“Anybody who has survived his childhood has enough information about life to last him the rest of his days.”
— Flannery O’Connor
All weekend I have been battling with my writing class assignment. The result has been that not one word has been written. It promises to be a very intense piece of work (visceral is the word the instructor used) and I am likely going to have to work it and re-work it. So far I have been writing light works for my blogs, little bites of my day. It has been a forward-looking journey charting a new course through lands hitherto unknown and filled with optimism.
Not so my writing class homework. This promises to be a visit to the murky swamps of my memories. And I admit it freely here – I am intimidated. The assignment for this week is that I take a childhood memory and re-write it in the voice of my childhood. Three pages.
Writing about the past is something I have never practiced. Not about my past anyway. I don’t mind brief visits to other people’s ponds. But much like I don’t like the idea of going to a psychologist to dig through the silt and make a new decision on what happened in the past I have a strong resistance to sifting through on my own for sources of fiction.
You would swear I had skeletons in my closet!

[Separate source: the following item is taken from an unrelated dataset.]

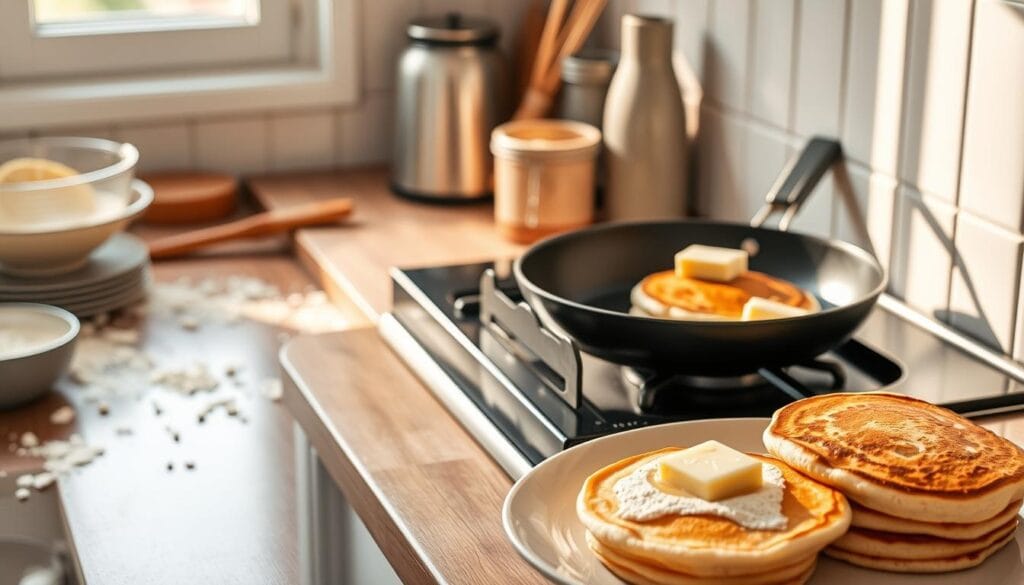 cooking pancakes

A big part of what scares me is the burden of protecting the people in my life from the magnifying glass. It scares me to have to examine each character closely and make a decision on them. It scares me to show the decision I have made to them. They lived in my life un-rehearsed, un-varnished and would never have guessed when I was growing up alongside them that one day I would open my veins and bleed out my secrets, which are shared secrets and therefore their secrets, through a pen. The rye words exchanged, the events we pushed into the past in order to still be able to relate today, the wrongs we have worked hard to forget and survive.

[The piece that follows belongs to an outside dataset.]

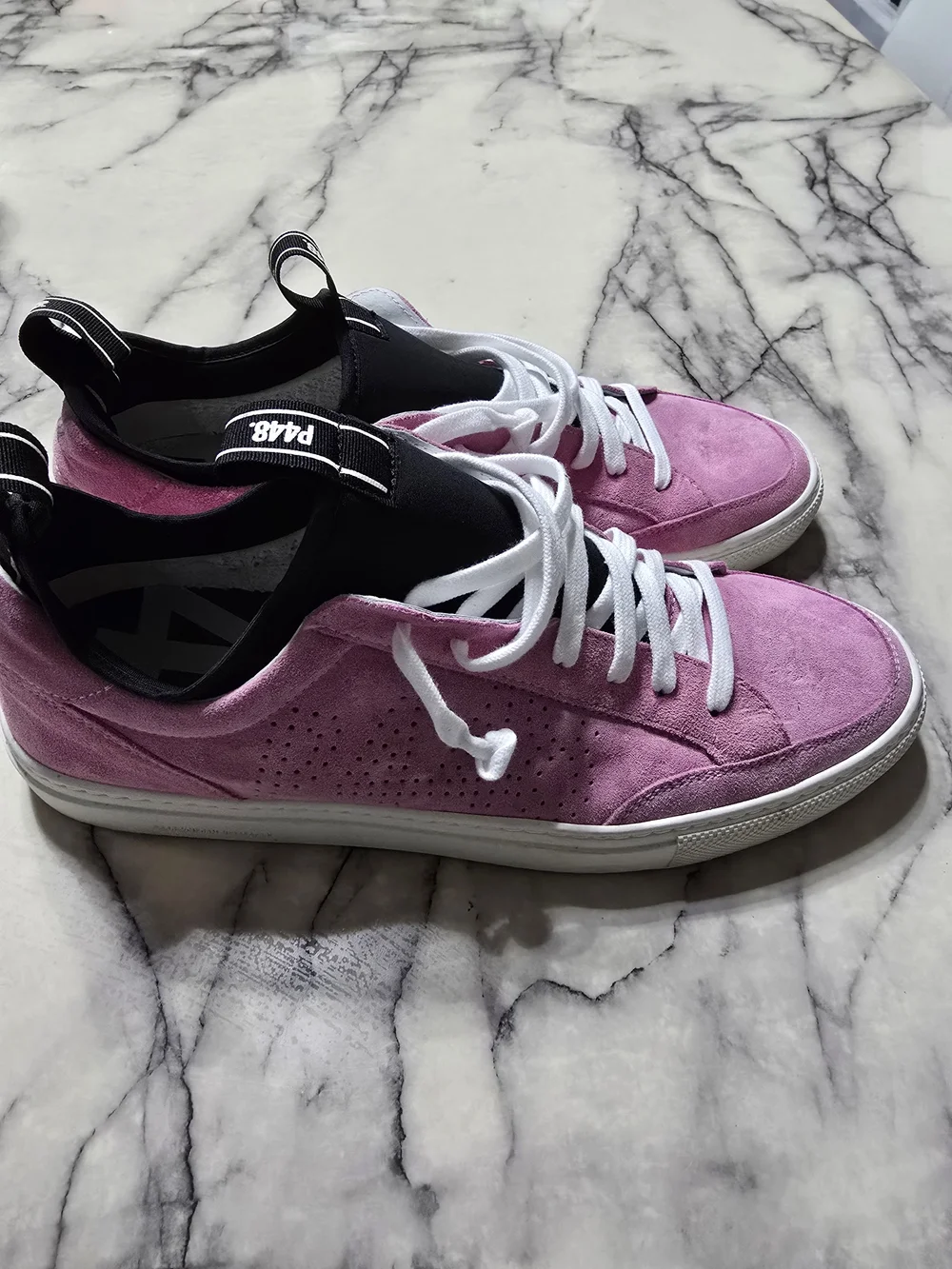 P448 Men’s Pink Suede Low-Top Sneakers with White Laces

I struggled to identify a childhood memory that wasn’t in some way tainted by one of these secrets. The drama that belonged to the adults affected how we children would be allowed to relate – where we went, who came over, what could and could not be discussed with whom. In the end I found some untainted memories in our neighbourhood, things shared with my brother and our friends, but most of them I had to really fight through the mire to get to.
Without even beginning to write I see how enormous an impression adults leave on children. A theme for the story of my life. The fears and the fierce love of our protectors and the way they fought for us or over us during the days of our childhood – the prickly hedge that kept us sheltered from the world.
Having already admitted to my commitment phobia, I am going to apply my own advice to this problem. I have a problem – I am terrified of writing for this class. My goal is to complete every assignment from the heart for this class. And you, the reader of my blog, I ask to hold me accountable. If by Friday each week for the next five weeks I haven’t mentioned it, this means I am avoiding it. Please kick my rear into gear.